Photo: Emmanuel Macron receives Saad Hariri at the Elysee Palace
Paris (People's Daily app) - On November 18, French President Emmanuel Macron received at the Elysee Palace Saad Hariri as Lebanese Prime Minister, who announced to return to his country on November 22 for the National Day. Hariri thanked Macron for his “infallible friendship" in this crisis, and to recall that "France has once again shown the greatness of its role in the world and the region". "It (France) proves its attachment to Lebanon and its stability."
"Stability as well as peace" of Lebanon are the main aims of receiving Saad Hariri in France, declared Emmanuel Macron. "Lebanon needs a strong state to maintain its community coexistence and it is essential to protect Lebanon from regional crises," said the Elysee Palace which invoked a possible meeting to be hold in Paris in the near future to support Lebanon, gathering the United States, the United Nations, the European Union and various countries in the Middle East. But no date has yet been set.
Analyst comments that the diplomatic method of Emmanuel Macron is to "talk to everyone". The Middle East is no exception to this desire to appease all sides and make Paris an arbitrator. By maintaining such a position in international issues since the election of Emmanuel Macron, the image of France has been “improved” abroad considerably.

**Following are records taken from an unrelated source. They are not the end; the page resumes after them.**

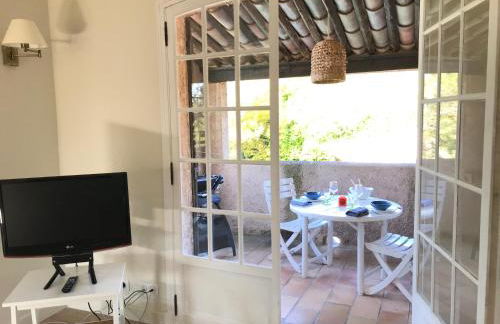 06D - Appartement spacieux avec terrasses, jardin et piscine - Foto 4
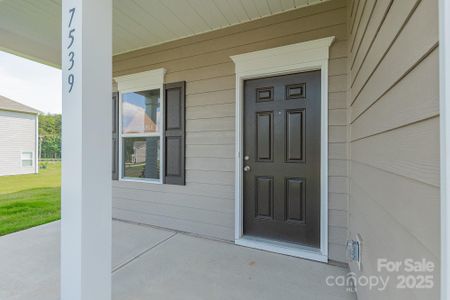 New construction Single-Family house 2238 Catawba Trace Dr, Unit 3, Catawba, NC 28609 The Coleman- photo 2 2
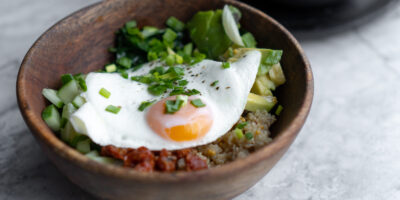 zdrowy Bowl z komosa ryżowa, szpinakiem, jajkiem i awokado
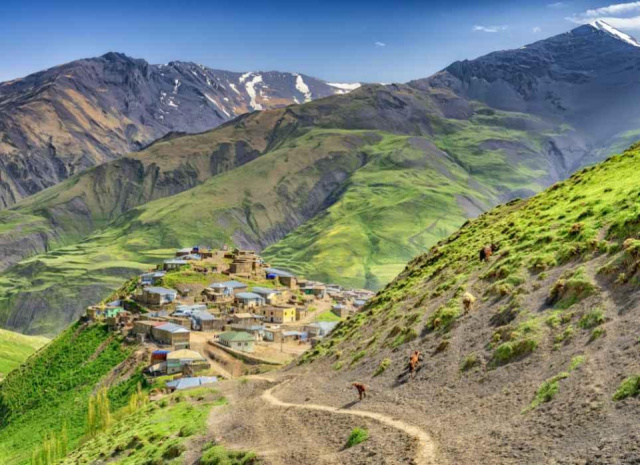 
Azerbajdzsán, a Kaukázus 1001 színű szőnyege
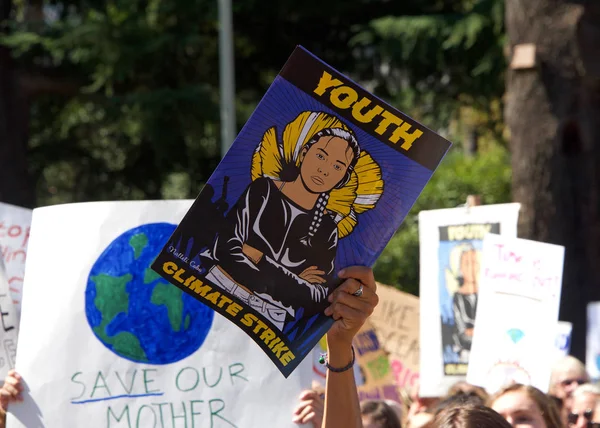 Sacramento Září 2019 Mládež Protestující Proti Změně Klimatu Schodech Budovy — Stock fotografie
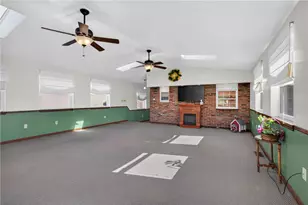 104 Glenora Dr, Robinson Twp, PA 15108 - Photo 11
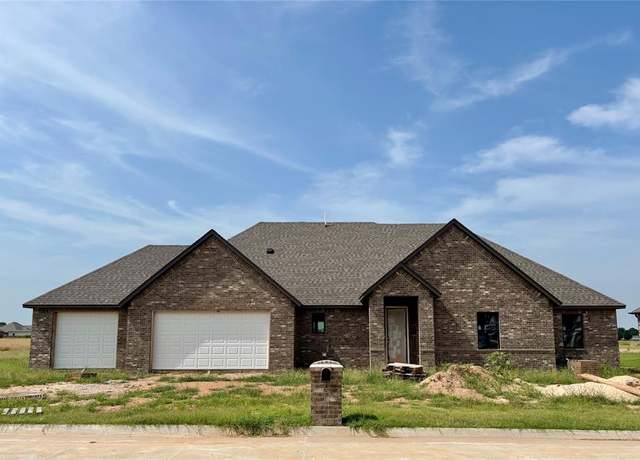 Property at 4333 Courtlyn Ave, Tuttle, OK 73089, 4 beds, 2 baths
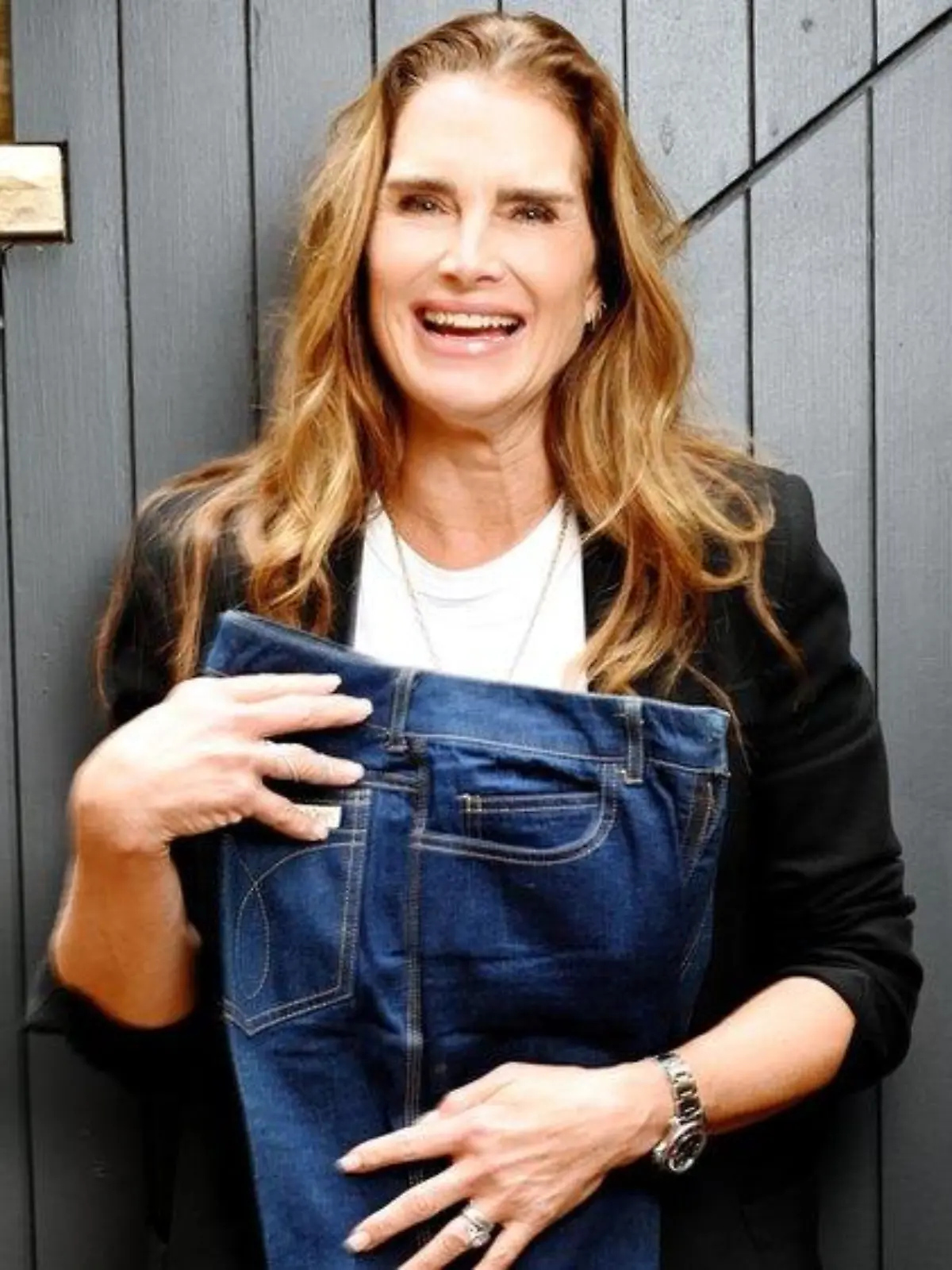 Brooke Shields versteigert legendäre Calvin-Klein-Jeans von 1980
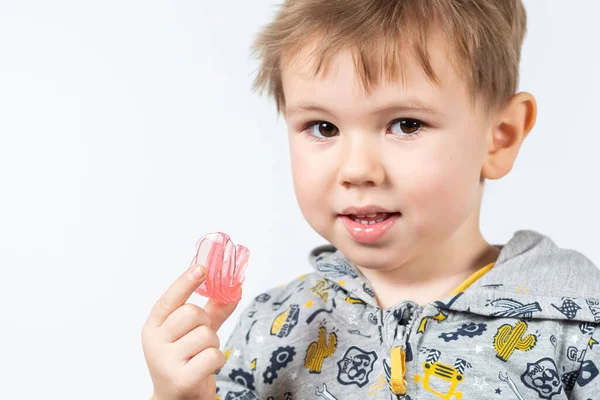 Lindo Niño Caucásico Con Pelo Rubio Está Sosteniendo Entrenador Miofunción — Foto de Stock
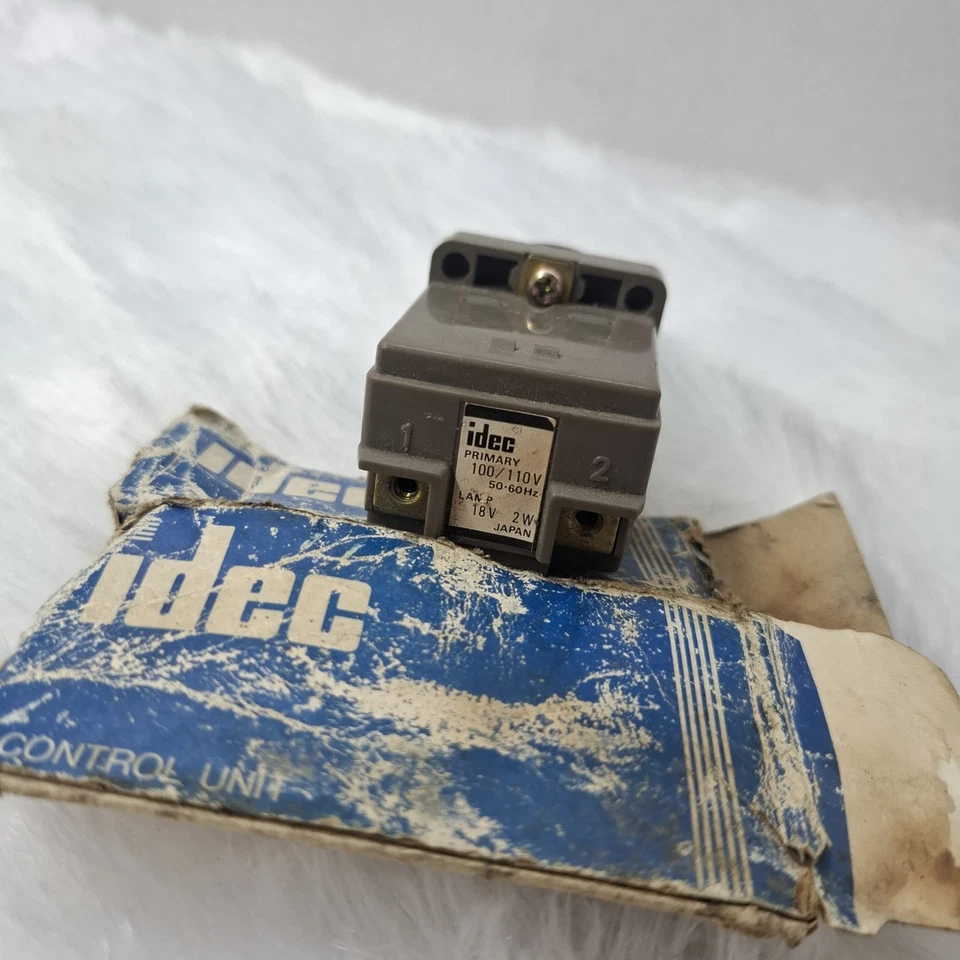 IDEC PRIMARY 100/110V 50-60Hz 18V 2W GREEN CONTROL UNIT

In the meantime, two other elements favor the return of French influence in the region: the Brexit, which has temporarily whirled English diplomacy and the arrival at the White House of an unpredictable president.
However, French ambitions may run up against the complexity of regional situations and power struggles. Not having strong levers in the Middle East could thus limit the influence of France. Retrospectively, despite its proposal to create a contact group, French diplomacy has not yet managed to regain a foothold in the Syrian conflict, where Iran, Russia and Turkey are the ones who are actively engaged. Although seen as a military and diplomatic power and despite its historical connection with the Middle East, France has great difficulties in weighing on the regional issues and turning its diplomatic initiatives into concrete progress.
If the Lebanese crisis is appeased for the moment as the French president mediated, it is far from being resolved. French media reported Emmanuel Macron blamed previously Riyadh for financing terrorist groups, which led to the cooling of Franco-Saudi relationship. The friendly gesture towards Iran where the French president aims to get repaid soon has also annoyed Riyadh. Given the considerable weight of Iran and Saudi Arabia, the mediation appears extraordinary hard. In this climate, Jean-Yves Le Drian, French Foreign Minister who visited Riyadh several days ago, has put off its travel to Iran for the nuclear negotiation.